Eosinophils can be associated with allergies or autoimmune disorders in industrialized populations; however, as in many non-industrialized populations [1], virtually no allergies or autoimmune disorders have been identified among the Tsimane [26]. This absence may arise from the regulatory immunophenotypes induced by helminths (indeed, antihelminthic treatment is associated with lower eosinophils in high STH prevalence areas) [39, 40], and suggests that—while we cannot rule out eosinophilic leukemia or other conditions—eosinophils are likely to indicate helminth infection in the Tsimane. We use eosinophil count here as a secondary metric to the presence/absence of each STH that may capture additional elements of infection, including infection intensity or periods of migratory larval stages characterized by pre-reproductive larvae that do not yet produce eggs.

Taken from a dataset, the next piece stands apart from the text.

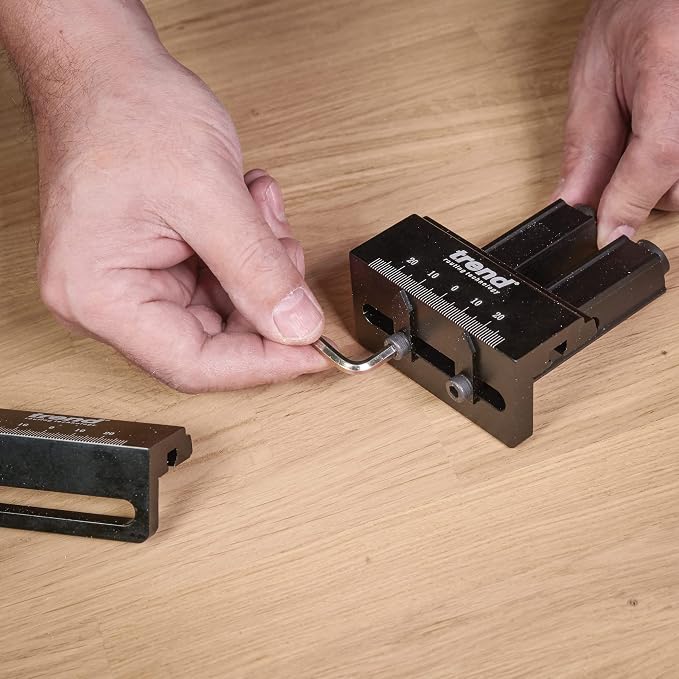 Trend Mini Twin Pocket Hole Jig with HSS Drill Bit & Depth Setting Collar, Square Drive Bit & Pocket Hole Screws Selection, PH/JIG/M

In vitro antigen stimulation
Aliquots of 100 µl heparinized whole blood were immediately added to separate round bottom microtiter wells in a sterile 96-well plate. One aliquot received 1 µg/ml H1N1 vaccine [2009 Monovalent Vaccine (Sanofi Pasteur, Inc. Swiftwater PA 18370)] diluted in RPMI-1640. Another aliquot received 100 µl of 20 µg/ml LPS (Sigma cat. L2630) diluted in RPMI-1640, rendering a final concentration of 10 mg/ml LPS. Control aliquots were run in RPMI alone. To prevent contamination, RPMI was supplemented with 100 IU/ml penicillin and 100 µg/ml streptomycin (Sigma cat. P0781), and any plates with visible growth or control values indicating contamination were eliminated. We enriched CO2 concentration by sealing plates in an airtight container with a burning candle to deplete O2 as a field-friendly alternative to a CO2 incubator [41]. The sealed and treated blood samples were incubated at 37°C for 72 h. Samples were centrifuged and supernatants were frozen in liquid nitrogen, transported on dry ice, and stored at −80°C for up to 2 years (see [42, 43]).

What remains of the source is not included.